### Required action
Reproduce exactly the lines from the one containing "of Bill and Marys place" through the last line of the records below, both included, and nothing else.

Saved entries
=== Section Start ===
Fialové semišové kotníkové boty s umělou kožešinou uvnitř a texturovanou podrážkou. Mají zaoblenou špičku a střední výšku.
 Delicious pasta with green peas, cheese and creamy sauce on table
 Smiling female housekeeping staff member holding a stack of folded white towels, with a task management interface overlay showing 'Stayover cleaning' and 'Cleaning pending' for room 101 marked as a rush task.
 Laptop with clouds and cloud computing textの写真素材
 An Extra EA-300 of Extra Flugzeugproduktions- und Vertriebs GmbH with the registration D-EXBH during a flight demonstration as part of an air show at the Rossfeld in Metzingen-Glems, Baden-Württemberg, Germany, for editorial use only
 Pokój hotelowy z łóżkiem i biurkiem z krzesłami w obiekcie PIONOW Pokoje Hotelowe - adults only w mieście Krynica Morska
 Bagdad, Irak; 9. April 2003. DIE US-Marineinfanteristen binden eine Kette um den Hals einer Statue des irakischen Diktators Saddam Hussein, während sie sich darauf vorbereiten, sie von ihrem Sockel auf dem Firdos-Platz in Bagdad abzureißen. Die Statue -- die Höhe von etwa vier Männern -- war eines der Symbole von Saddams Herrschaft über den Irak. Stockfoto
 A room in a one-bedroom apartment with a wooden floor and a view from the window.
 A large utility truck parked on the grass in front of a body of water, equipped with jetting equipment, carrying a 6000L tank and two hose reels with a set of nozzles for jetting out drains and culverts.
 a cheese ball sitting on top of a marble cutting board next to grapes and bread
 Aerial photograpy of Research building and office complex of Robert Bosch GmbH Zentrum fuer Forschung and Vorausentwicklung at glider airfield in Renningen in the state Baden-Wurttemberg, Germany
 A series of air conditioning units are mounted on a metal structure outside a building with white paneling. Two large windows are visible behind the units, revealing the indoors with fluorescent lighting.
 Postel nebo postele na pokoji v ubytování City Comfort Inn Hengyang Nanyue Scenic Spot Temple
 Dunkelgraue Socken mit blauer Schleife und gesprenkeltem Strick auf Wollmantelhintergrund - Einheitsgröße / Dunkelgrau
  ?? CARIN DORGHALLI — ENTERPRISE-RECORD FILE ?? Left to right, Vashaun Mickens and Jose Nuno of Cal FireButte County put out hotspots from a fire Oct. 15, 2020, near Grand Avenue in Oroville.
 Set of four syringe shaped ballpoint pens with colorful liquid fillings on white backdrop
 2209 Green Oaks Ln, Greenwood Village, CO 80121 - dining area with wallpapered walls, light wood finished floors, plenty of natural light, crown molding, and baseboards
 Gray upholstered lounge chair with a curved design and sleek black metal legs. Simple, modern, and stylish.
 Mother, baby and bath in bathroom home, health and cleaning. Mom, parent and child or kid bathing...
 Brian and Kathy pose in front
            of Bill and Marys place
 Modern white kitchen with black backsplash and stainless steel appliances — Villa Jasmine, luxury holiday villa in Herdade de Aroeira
=== Section End ===
### Output for this exercise
            of Bill and Marys place
 Modern white kitchen with black backsplash and stainless steel appliances — Villa Jasmine, luxury holiday villa in Herdade de Aroeira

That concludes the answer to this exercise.